Q: In the last problem, I would have liked to see how the N was isolated. I did not follow the math on the reciprocal to isolate N.

A: Not to worry! Let's take a look: 

Cathy's Salary is 3/7 of Nora's salary and (Cathy's salary) is also 5/4 of Teresa's salary.

C = (3/7)N

C is also equal to (5/4)T

So we can set:

(3/7)N = (5/4)T

Now, I isolate N by multiplying both sides of the equation by (7/3), the reciprocal of 3/7.

(7/3)(3/7)N = (7/3)(5/4)T

(7/3)(3/7) = 1 so (7/3)(3/7)N just equals N.

N = (7/3)(5/4)T =

(35/12)T

Q: The lesson doesn't really explain why we multiply by the reciprocal to get the answer in the second problem. I am very confused.

A: Happy to help!
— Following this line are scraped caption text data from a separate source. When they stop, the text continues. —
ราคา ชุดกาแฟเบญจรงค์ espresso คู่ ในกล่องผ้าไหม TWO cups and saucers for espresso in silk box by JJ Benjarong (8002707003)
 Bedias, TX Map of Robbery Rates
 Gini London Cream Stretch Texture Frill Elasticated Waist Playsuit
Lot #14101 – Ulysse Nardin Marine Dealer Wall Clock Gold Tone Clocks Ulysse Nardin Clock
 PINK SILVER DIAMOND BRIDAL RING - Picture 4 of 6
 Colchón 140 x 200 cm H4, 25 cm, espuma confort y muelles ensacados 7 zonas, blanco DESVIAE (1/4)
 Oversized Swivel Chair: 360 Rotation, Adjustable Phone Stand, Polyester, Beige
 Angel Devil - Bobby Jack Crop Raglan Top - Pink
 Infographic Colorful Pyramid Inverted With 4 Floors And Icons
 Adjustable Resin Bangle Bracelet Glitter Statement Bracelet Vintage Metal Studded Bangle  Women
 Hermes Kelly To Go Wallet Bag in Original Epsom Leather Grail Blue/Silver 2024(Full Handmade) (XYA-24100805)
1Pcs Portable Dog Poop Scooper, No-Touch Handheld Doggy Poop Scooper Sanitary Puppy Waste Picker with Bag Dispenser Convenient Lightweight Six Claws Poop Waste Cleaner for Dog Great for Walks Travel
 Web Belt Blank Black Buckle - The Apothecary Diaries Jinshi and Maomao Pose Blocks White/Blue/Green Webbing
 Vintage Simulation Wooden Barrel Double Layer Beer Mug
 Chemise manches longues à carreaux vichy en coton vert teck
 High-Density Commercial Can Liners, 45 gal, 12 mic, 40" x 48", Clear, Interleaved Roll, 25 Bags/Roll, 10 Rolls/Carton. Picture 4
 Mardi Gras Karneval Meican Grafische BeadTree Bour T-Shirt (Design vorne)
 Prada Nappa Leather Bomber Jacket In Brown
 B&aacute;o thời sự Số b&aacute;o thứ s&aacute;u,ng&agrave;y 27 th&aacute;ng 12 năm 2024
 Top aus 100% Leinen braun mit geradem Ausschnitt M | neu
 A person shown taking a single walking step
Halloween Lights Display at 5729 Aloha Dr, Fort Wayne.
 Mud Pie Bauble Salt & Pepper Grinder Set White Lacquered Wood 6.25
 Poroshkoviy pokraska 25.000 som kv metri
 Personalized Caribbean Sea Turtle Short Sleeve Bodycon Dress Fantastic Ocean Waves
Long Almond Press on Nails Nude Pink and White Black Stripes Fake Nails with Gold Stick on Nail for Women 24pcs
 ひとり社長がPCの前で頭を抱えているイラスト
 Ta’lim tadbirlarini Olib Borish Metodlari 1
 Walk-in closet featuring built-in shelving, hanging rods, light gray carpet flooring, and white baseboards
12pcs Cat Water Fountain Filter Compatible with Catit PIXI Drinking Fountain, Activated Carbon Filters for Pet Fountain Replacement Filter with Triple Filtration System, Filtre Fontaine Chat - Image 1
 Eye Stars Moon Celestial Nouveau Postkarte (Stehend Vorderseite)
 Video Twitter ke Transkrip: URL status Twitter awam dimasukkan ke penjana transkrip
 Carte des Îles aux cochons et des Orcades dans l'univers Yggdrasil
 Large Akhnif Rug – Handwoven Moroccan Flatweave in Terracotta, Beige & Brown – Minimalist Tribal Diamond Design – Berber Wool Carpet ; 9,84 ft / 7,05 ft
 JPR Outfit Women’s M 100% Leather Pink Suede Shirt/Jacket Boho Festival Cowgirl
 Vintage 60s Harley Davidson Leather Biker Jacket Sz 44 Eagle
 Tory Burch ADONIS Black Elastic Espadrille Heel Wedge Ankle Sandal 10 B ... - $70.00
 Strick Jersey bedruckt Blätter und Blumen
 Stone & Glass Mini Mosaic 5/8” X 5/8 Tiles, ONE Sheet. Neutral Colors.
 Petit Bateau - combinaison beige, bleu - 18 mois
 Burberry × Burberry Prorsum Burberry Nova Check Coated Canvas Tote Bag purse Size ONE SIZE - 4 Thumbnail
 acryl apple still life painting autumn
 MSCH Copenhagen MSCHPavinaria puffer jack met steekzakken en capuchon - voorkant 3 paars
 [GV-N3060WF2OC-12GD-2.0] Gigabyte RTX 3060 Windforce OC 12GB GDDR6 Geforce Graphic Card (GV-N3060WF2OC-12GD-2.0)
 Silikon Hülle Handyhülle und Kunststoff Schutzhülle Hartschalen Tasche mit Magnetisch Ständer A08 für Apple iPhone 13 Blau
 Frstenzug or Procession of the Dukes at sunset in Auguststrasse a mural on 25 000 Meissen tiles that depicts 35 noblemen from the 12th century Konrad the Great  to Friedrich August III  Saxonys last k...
This is just an extension of one of the rules of working with algebraic expressions: when trying to isolate a variable, you can perform a number of operations to both sides of an equation, but they have to be done to both sides.

So, for example, say I have this equation:

x/2 = 4

If I want to get x alone, I multiply it by 2. But I also have to do the same to the other side:

x/2 = 4 2x/2 = 2 * 4 x = 8

Now, let's try that with this equation:

2x/7 = y

First, I multiply out that 7:

(7 * 2x)/7 = 7 * y 2x = 7y

Then, I divide out the 2:

2x/2 = 7y/2 x = 7y/2

Look again at my original and final equations:

2x/7 = y x = 7y/2

In order to isolate x, I multiplied y by the reciprocal of the fraction on the left side. That's just the easier, faster way to do it. It's shorthand for the same process.

In the lesson video, there were two cases of expressions like that:

300 = 2r/7 7 * 300 = 2r 7 * 300 / 2= r

And here's the other:

c = 3n/7  7c = 3n 7c/3 = n